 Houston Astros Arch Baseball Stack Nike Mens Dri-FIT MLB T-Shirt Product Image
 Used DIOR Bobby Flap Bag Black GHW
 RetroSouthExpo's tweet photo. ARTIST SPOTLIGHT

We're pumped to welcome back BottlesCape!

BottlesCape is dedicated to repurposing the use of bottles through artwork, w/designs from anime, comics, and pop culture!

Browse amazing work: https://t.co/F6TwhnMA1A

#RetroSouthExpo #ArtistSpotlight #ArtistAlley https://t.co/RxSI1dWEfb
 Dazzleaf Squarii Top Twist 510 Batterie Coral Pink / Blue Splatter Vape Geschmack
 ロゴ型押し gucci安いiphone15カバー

--- --- ---

- What is required:
Output, please, only the lines running from the start of the entries through the line that contains "We're pumped to welcome back BottlesCape!", including both of those lines.

- Response:
 Houston Astros Arch Baseball Stack Nike Mens Dri-FIT MLB T-Shirt Product Image
 Used DIOR Bobby Flap Bag Black GHW
 RetroSouthExpo's tweet photo. ARTIST SPOTLIGHT

We're pumped to welcome back BottlesCape!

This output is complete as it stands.